Demonstrations began on Tuesday in the northern city of Tuzla, where some 10,000 former workers gathered to demand that the local government investigate questionable privatizations they said had destroyed companies and their livelihood. Among the troubled firms was the Konjuh furniture factory, which was founded in 1885 by Austro-Hungarian entrepreneurs. During the socialist period, the company employed 5,300 employees and sold high-quality wood furnishings to clients on five continents. But by December 2012, the company employed just 400 workers, some of whom had gone on hunger strike. Also present were demonstrators from the 36-year-old Dita detergent factory— once the biggest producer of liquid detergents and washing powders in the country. Former Dita employees have protested over unpaid wages for at least two years.

The government of Tuzla canton told the crowd of largely middle-aged men that they had no authority over privately-owned companies. However, that may not have been entirely true. The majority of shareholders in the Konjuh furniture factory transferred their voting rights to the government of Tuzla canton several years ago.

Numerous protests have been held in Tuzla in recent years over the disappearance of jobs and the environmental devastation of what is now a post-industrial area. The Tuzla power station burns 330,000 tons of coal every year, and has seriously polluted the Jala River. Other pollutants have come from the factories, including chemical plants that have recently been shut down.

Many residents of Tuzla express Yugonostalgic sentiments, lamenting that the “reliable health service” and access to information offset some of their concerns about pollution in socialist times. They have long complained about being ignored by the authorities, and protests, pickets, hunger strikes, and sit-ins, in the former industrial boomtown are common.
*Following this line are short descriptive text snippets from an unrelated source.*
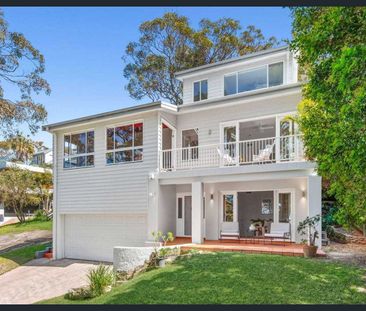 Immaculately Presented Furnished Family Home with Ocean Views - Photo 6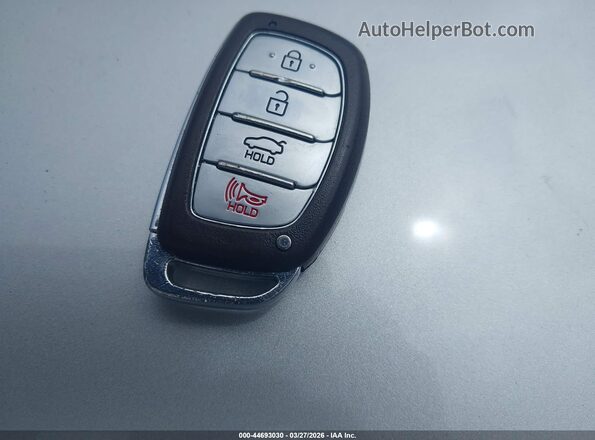 5NPD84LF7JH354765 2018 HYUNDAI ELANTRA Silver Widok deski rozdzielczej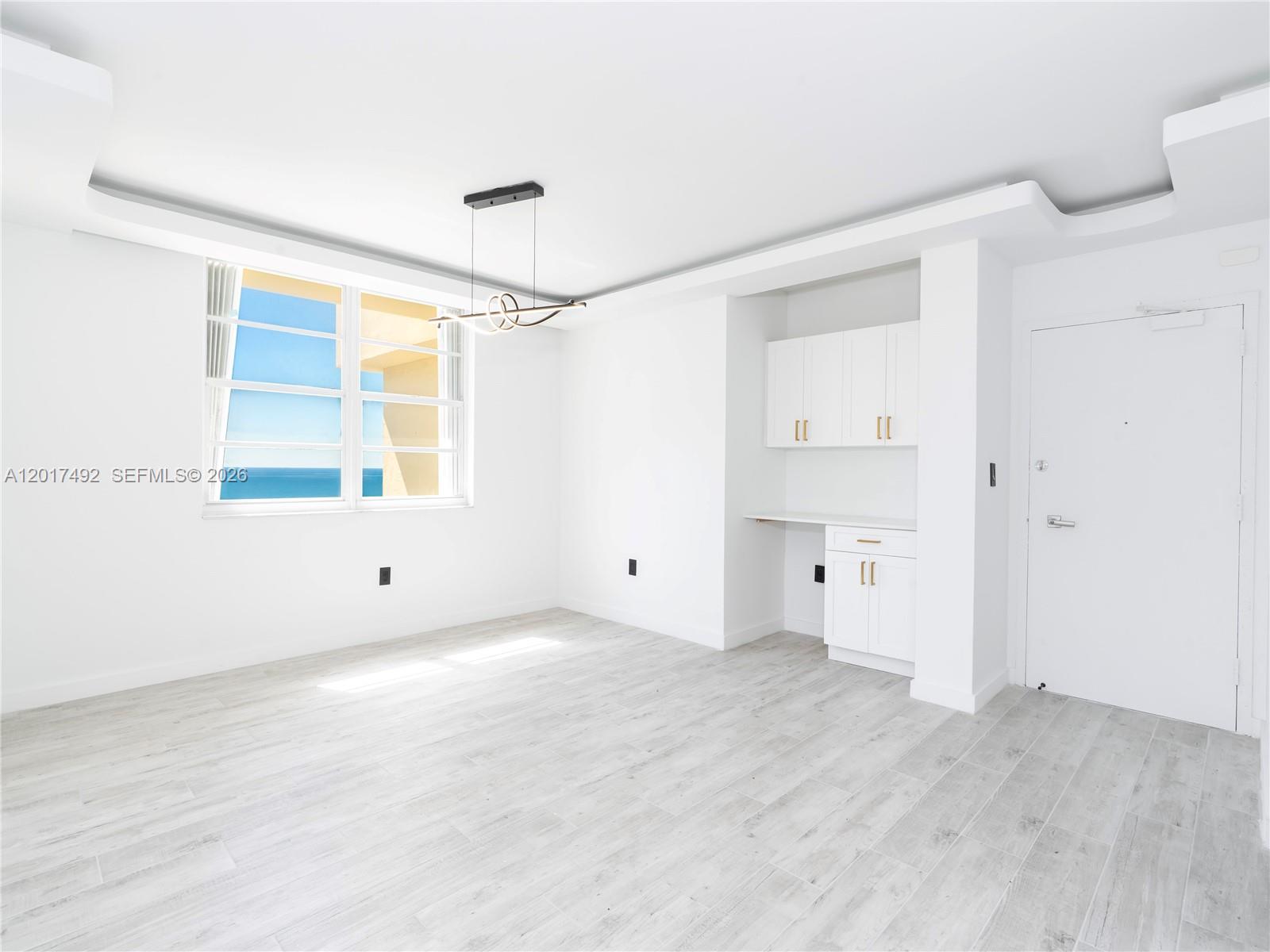 ARLEN HOUSE CONDO - Residential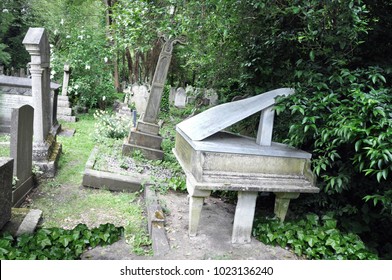 Old cemetary England. In Highgate, London you will find this fairy tale memorial with its overgrown tombstones.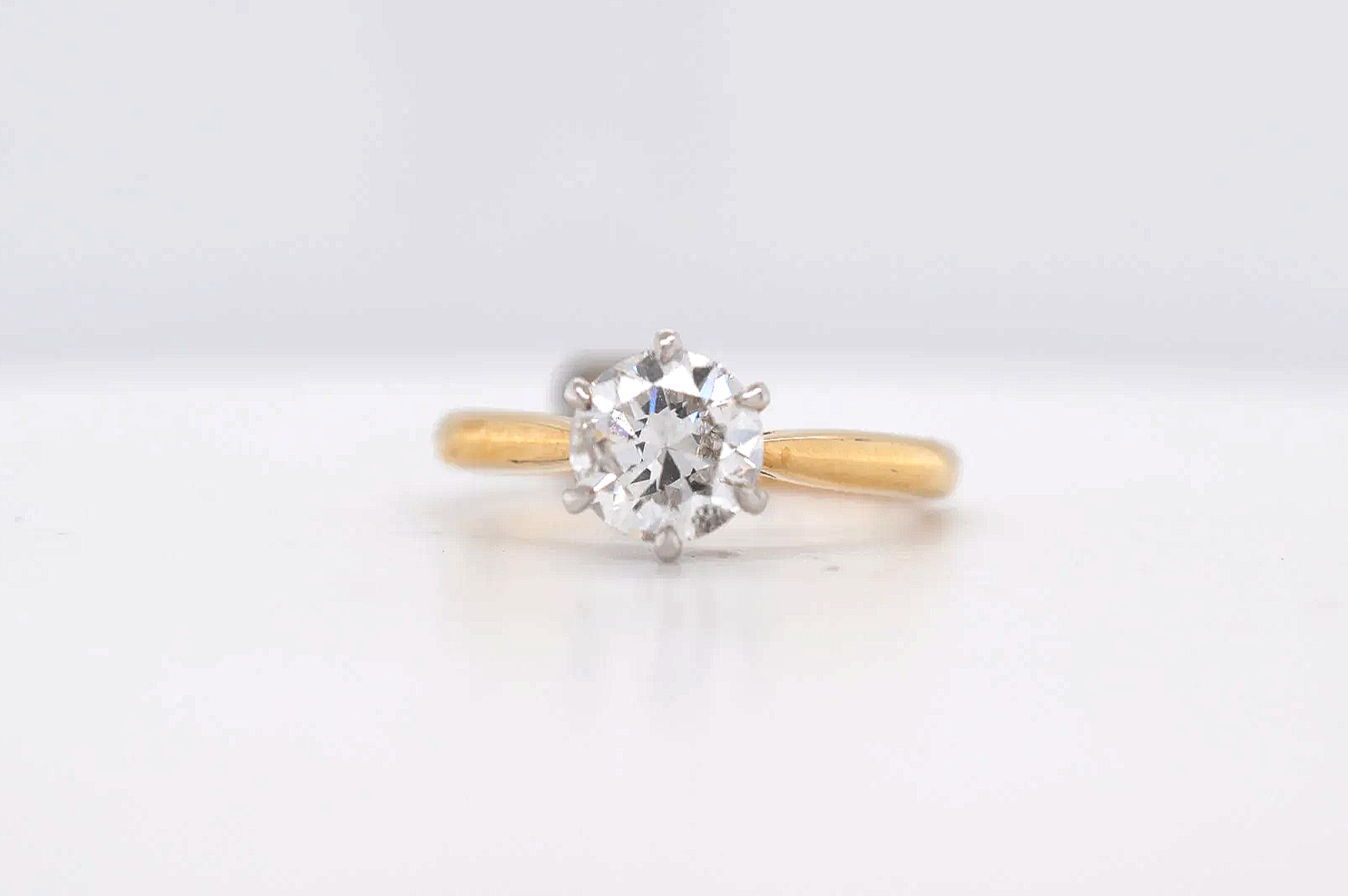 18ct Diamond 1.00ct Solitiare Price Band J (£2,500 - £3,000) EG26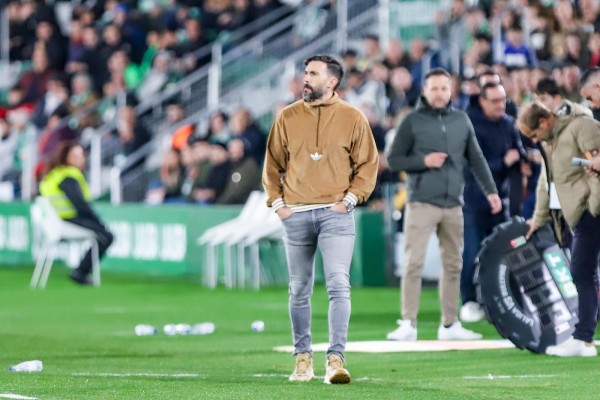 Dos rivales por el ascenso y dos colistas esperan al Elche en febrero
The first clashes between police and protesters in Tuzla came on Wednesday, and continued through the following day. On Friday, dramatic images started appearing on Twitter: the local government building surrounded in still smouldering fires; broken computer monitors, scattered papers, and other debris thrown from the offices above; graffiti on facades calling on all politicians to resign.

Then the protests spread. Though most of the demonstrations were confined to the Federation — the Bosniak and Croat half of Bosnia and Herzegovina — several hundred Serbs showed up for a solidarity protest in Banja Luka, the Bosnian Serb capital.

Groups of organized protesters encouraged this kind of solidarity. A movement calling itself UDAR — the same name as opposition leader Vitali Klitshko’s political party in Ukraine — say they spontaneously formed this week as a response to the workers’ protests in Tuzla and are now “calling for an extension of the movement”. They’ve already produced a pretty sophisticated three-minutemobilization video available with both English and German subtitles. For UDAR, it’s important “that Bosniaks, Serbs and Croats are fighting together and reject the nationalism that is often used by the government to create splits between people.”

Despite the fact that many of them used determinedly anti-nationalist rhetoric, it was difficult for some diplomats to sympathize with the protesters after viewing images of plumes of black smoke rising over Sarajevo, cars (allegedly belonging to politicians) upside down in a drainage ditch, or reading news that historical archives from the Austro-Hungarian period had been incinerated in a fire.

Both the EU and United States were quick to issue condemnations of the “violent behavior”, which they described as “deplorable” and “inexcusable”. The EU thanked law enforcement agencies “for their efforts in extremely difficult circumstances.”

However, we received one report of possible police brutality from a journalist in Sarajevo: “I walked right past the old municipal building that protesters had just torched. A few minutes later, I watched a policeman billy-clubbing three protesters as other cops held them immobile.” There were alsoreports of police brutality earlier in the week.

The demonstrators blamed the police for all of the violence. A “Declaration by Workers and Citizens of the Tuzla Canton” released late Friday evening explained that, “Accumulated anger and rage are the causes of aggressive behaviour. The attitude of the authorities has created the conditions for anger and rage to escalate.”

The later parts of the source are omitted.